= Beginning of Section =

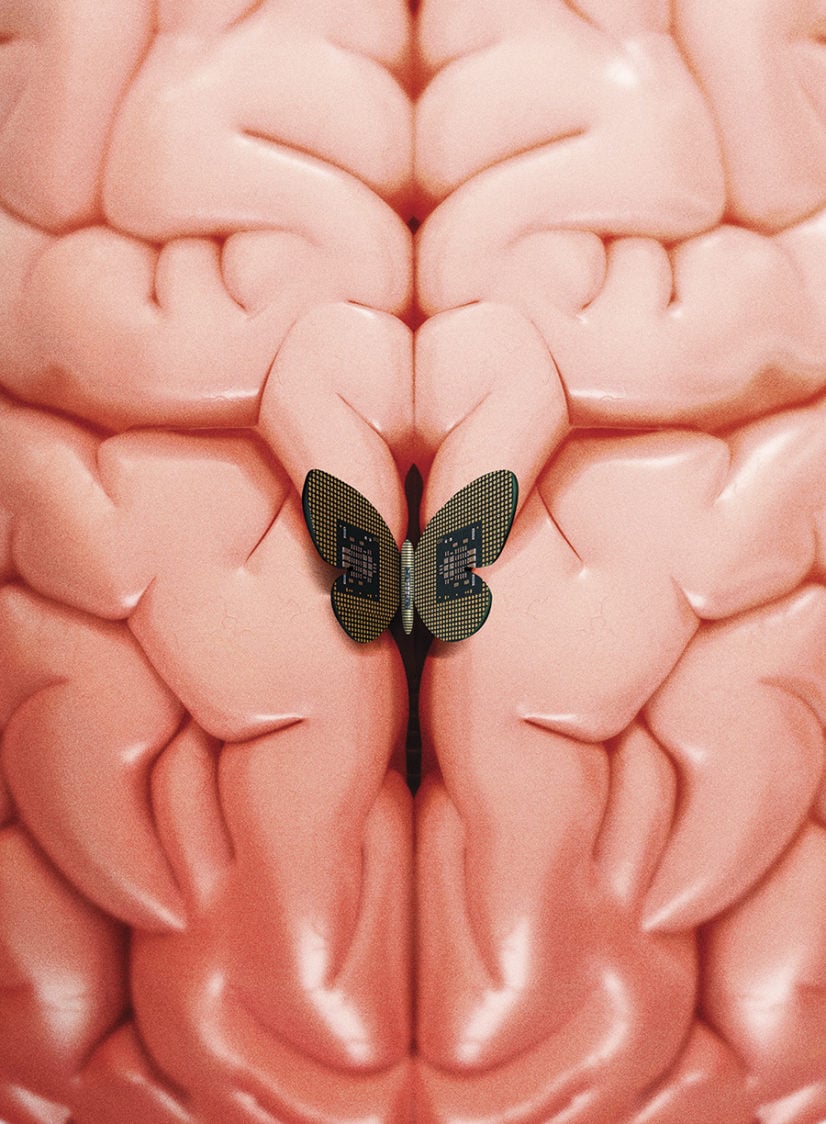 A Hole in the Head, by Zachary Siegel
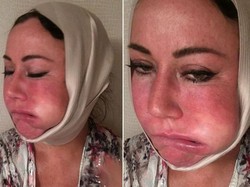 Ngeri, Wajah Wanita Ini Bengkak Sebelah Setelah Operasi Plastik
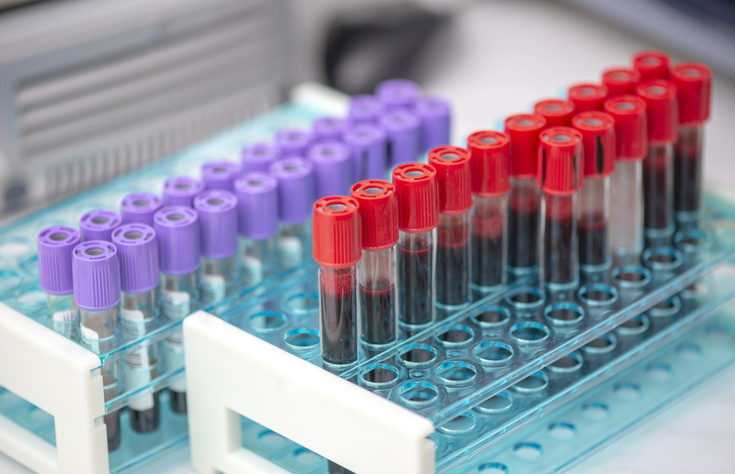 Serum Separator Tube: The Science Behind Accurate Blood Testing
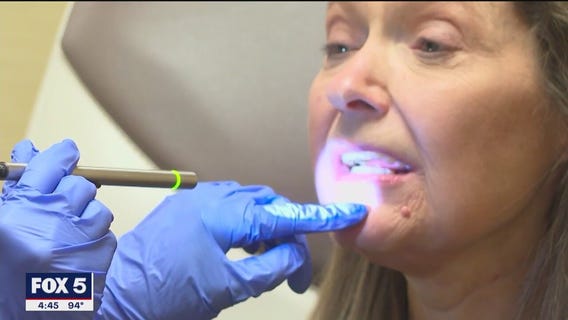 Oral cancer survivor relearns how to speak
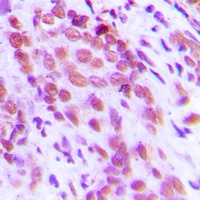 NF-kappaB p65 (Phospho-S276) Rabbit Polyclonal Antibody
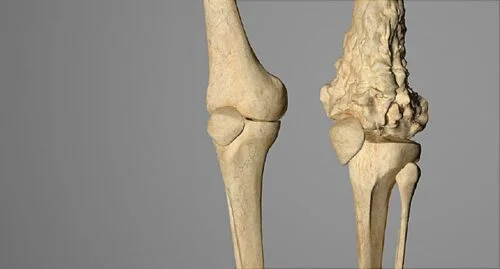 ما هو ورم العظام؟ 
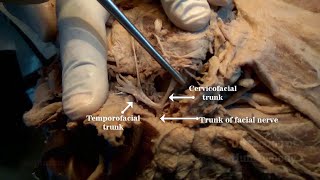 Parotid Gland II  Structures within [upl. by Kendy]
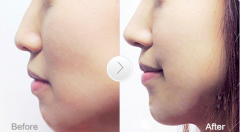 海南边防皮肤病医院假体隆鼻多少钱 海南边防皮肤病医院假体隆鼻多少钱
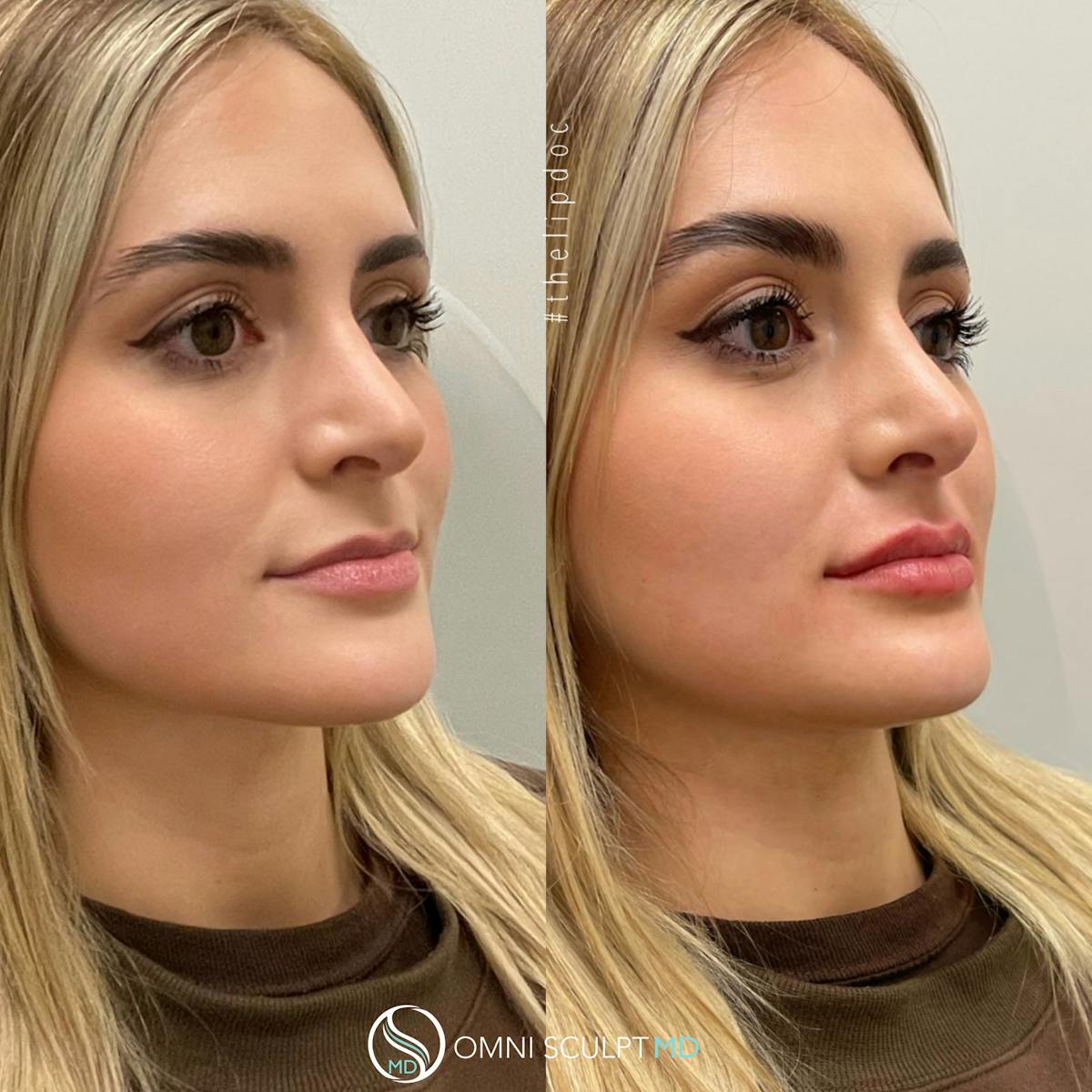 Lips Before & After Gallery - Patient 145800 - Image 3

= End of Section =

WHAT THE TASK REQUIRES >> Exactly as written, repeat the lines of the material above from the first through the line holding "ما هو ورم العظام؟", with both ends in the copy and no pictures.

TASK RESULT >>
 A Hole in the Head, by Zachary Siegel
 Ngeri, Wajah Wanita Ini Bengkak Sebelah Setelah Operasi Plastik
 Serum Separator Tube: The Science Behind Accurate Blood Testing
 Oral cancer survivor relearns how to speak
 NF-kappaB p65 (Phospho-S276) Rabbit Polyclonal Antibody
 ما هو ورم العظام؟ 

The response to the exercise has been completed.